Perhaps the most ironic link described in the Global Witness report was one involving the “fugitive financier” Marc Rich. He appears as a major player in the arms-for-oil scandal through a Swiss-based oil trading company named Glencore. The firm played a major role in guaranteeing a total of $1 billion in oil-backed loans for Angola in 1998. The first set of oil-backed loans in 1993 involved Glencore, Falcone, and Gaydamak. Soon after, Gaydamak arranged for the sale of Russian helicopters and ammunition through a Slovak company called ZTS-OSOS. The 1998 billion-dollar loan deal included the Export-Import Bank loans being pushed by Halliburton and Cheney. The Republican Party seized on President Clinton’s pardon of Rich without describing Cheney’s own links to the fugitive financier’s vast international money-lending and influence-peddling empire.
The ties of President Chirac’s administration to Angolagate were as close as those of other leading French politicians -- right and left, Socialist and Gaullist. What is not clear is what Chirac and then-President-elect Bush spoke about on December 18, 2000 in Washington, DC at the French Embassy during an unprecedented meeting between a president-elect and a foreign leader inside a foreign diplomatic mission. Coming just four days after the Supreme Court handed the White House to Bush, the Bush-Chirac meeting took on an even greater aura of mystery.
There is yet another disturbing element involved in Bush’s ties to dos Santos. There was a secret agreement between the French firm Communications et Systémes, the French Defense Ministry, and dos Santos to acquire during 2000 two types of communications monitoring equipment suites to triangulate the location of Savimbi’s GSM cell and satellite telephone calls in the Angolan bush country. The two systems – Murene (for GSM calls) and Menta (for satellite calls), were supposed to help dos Santos' forces locate Savimbi’s constantly moving jungle headquarters.
Apparently, the multimillion dollar systems were not all that helpful in locating Savimbi. However, legitimate questions exist about what U.S. official and unofficial intelligence resources were brought to bear on the recalcitrant ex-U.S. ally Savimbi. Under CIA Director George Tenet’s expanded authority to eliminate terrorists listed in a “worldwide attack matrix,” it is open season on anyone the U.S. brands a terrorist.

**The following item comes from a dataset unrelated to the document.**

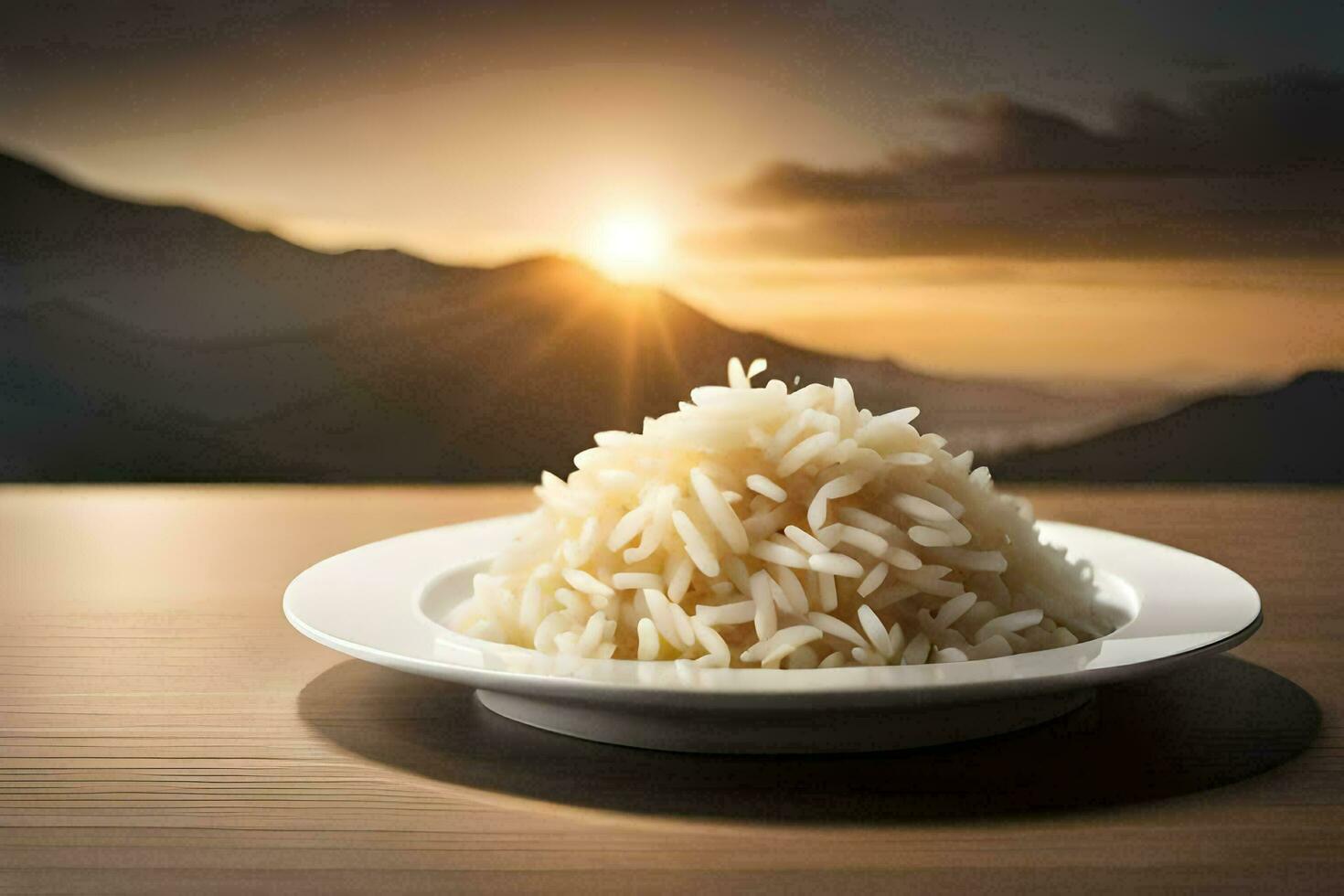 uma prato do arroz em uma mesa dentro frente do uma pôr do sol. gerado por IA foto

According to U.S. government sources, Savimbi was tracked by the military forces of U.S. NATO ally Portugal, who were aided by private mercenaries from Israel and South Africa. Jardo Muekalia, who headed UNITA’s Washington office until it was forced to close in 1997, says that that the military forces that ultimately succeeded in assassinating Savimbi were supported by commercial satellite imagery and other intelligence support provided by Houston-based Brown & Root. Both the State Department and Pentagon vehemently denied any U.S. government role in the killing of Savimbi.
Yet another suspicious death arose from the Falcone affair and the scramble for economic advantage in Angola. Thierry Imbot, a DGSE agent and the son of General Rene Imbot, a former head of the DGSE, died in a fall from his French apartment in October 2000. Imbot’s name was listed on one of the seized diskettes as a “consultant for China” for Brenco International and was paid $120,000 for his services through Nations’ Bank of Virginia. An investigation into the mysterious death of a consultant for a company tied to the Bush family just weeks before Bush’s tainted presidential election victory failed to materialize in any American media.
Sonia Falcone's home state senator, John McCain, was also a recipient of her political largess. The Federal Election Commission records show McCain receiving $2800 from Essente in 1999 and 2000, with $1800 ultimately returned. Senator Susan Collins (R-ME) received a $250 contribution from Essente in 2002.